Short text fragments from websites:
Segment Open
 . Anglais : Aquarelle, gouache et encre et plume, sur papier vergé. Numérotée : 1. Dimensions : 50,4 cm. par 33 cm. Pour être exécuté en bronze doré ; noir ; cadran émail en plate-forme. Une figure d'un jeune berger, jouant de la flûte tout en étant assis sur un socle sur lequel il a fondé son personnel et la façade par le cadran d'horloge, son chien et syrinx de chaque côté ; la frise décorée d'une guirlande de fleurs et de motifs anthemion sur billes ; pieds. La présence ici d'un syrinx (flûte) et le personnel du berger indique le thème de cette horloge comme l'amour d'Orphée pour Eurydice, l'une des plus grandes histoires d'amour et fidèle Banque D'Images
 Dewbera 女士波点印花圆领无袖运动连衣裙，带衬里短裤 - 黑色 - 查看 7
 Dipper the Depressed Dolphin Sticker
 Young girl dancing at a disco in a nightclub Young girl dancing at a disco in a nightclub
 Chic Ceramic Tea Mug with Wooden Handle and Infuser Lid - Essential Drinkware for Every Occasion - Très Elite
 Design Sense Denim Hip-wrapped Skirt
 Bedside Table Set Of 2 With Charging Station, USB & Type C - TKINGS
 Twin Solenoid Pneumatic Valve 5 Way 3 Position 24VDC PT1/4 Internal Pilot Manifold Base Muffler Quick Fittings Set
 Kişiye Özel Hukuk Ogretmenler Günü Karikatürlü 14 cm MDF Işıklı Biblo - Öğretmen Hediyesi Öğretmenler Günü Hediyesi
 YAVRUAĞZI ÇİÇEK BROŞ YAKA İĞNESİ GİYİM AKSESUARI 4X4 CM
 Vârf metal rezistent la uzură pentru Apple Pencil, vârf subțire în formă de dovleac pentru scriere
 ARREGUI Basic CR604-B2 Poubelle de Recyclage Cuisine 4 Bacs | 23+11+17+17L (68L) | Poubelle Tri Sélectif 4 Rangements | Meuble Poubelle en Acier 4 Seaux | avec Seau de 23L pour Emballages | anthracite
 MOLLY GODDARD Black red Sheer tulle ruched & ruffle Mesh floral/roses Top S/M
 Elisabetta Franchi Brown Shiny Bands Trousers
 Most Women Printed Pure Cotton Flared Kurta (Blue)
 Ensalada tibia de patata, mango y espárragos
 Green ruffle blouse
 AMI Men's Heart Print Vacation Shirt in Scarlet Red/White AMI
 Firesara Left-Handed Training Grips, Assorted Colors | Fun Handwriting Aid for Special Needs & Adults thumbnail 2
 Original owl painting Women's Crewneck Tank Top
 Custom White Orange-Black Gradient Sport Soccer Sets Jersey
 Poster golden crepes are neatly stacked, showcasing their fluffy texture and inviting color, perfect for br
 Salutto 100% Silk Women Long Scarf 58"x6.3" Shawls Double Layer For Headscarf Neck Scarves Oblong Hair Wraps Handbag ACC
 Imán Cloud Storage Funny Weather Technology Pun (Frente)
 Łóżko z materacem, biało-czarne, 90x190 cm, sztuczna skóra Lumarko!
Segment Closed
#### WHAT IS REQUIRED
Give back every line of the data exactly.

#### EXPECTED ANSWER
 . Anglais : Aquarelle, gouache et encre et plume, sur papier vergé. Numérotée : 1. Dimensions : 50,4 cm. par 33 cm. Pour être exécuté en bronze doré ; noir ; cadran émail en plate-forme. Une figure d'un jeune berger, jouant de la flûte tout en étant assis sur un socle sur lequel il a fondé son personnel et la façade par le cadran d'horloge, son chien et syrinx de chaque côté ; la frise décorée d'une guirlande de fleurs et de motifs anthemion sur billes ; pieds. La présence ici d'un syrinx (flûte) et le personnel du berger indique le thème de cette horloge comme l'amour d'Orphée pour Eurydice, l'une des plus grandes histoires d'amour et fidèle Banque D'Images
 Dewbera 女士波点印花圆领无袖运动连衣裙，带衬里短裤 - 黑色 - 查看 7
 Dipper the Depressed Dolphin Sticker
 Young girl dancing at a disco in a nightclub Young girl dancing at a disco in a nightclub
 Chic Ceramic Tea Mug with Wooden Handle and Infuser Lid - Essential Drinkware for Every Occasion - Très Elite
 Design Sense Denim Hip-wrapped Skirt
 Bedside Table Set Of 2 With Charging Station, USB & Type C - TKINGS
 Twin Solenoid Pneumatic Valve 5 Way 3 Position 24VDC PT1/4 Internal Pilot Manifold Base Muffler Quick Fittings Set
 Kişiye Özel Hukuk Ogretmenler Günü Karikatürlü 14 cm MDF Işıklı Biblo - Öğretmen Hediyesi Öğretmenler Günü Hediyesi
 YAVRUAĞZI ÇİÇEK BROŞ YAKA İĞNESİ GİYİM AKSESUARI 4X4 CM
 Vârf metal rezistent la uzură pentru Apple Pencil, vârf subțire în formă de dovleac pentru scriere
 ARREGUI Basic CR604-B2 Poubelle de Recyclage Cuisine 4 Bacs | 23+11+17+17L (68L) | Poubelle Tri Sélectif 4 Rangements | Meuble Poubelle en Acier 4 Seaux | avec Seau de 23L pour Emballages | anthracite
 MOLLY GODDARD Black red Sheer tulle ruched & ruffle Mesh floral/roses Top S/M
 Elisabetta Franchi Brown Shiny Bands Trousers
 Most Women Printed Pure Cotton Flared Kurta (Blue)
 Ensalada tibia de patata, mango y espárragos
 Green ruffle blouse
 AMI Men's Heart Print Vacation Shirt in Scarlet Red/White AMI
 Firesara Left-Handed Training Grips, Assorted Colors | Fun Handwriting Aid for Special Needs & Adults thumbnail 2
 Original owl painting Women's Crewneck Tank Top
 Custom White Orange-Black Gradient Sport Soccer Sets Jersey
 Poster golden crepes are neatly stacked, showcasing their fluffy texture and inviting color, perfect for br
 Salutto 100% Silk Women Long Scarf 58"x6.3" Shawls Double Layer For Headscarf Neck Scarves Oblong Hair Wraps Handbag ACC
 Imán Cloud Storage Funny Weather Technology Pun (Frente)
 Łóżko z materacem, biało-czarne, 90x190 cm, sztuczna skóra Lumarko!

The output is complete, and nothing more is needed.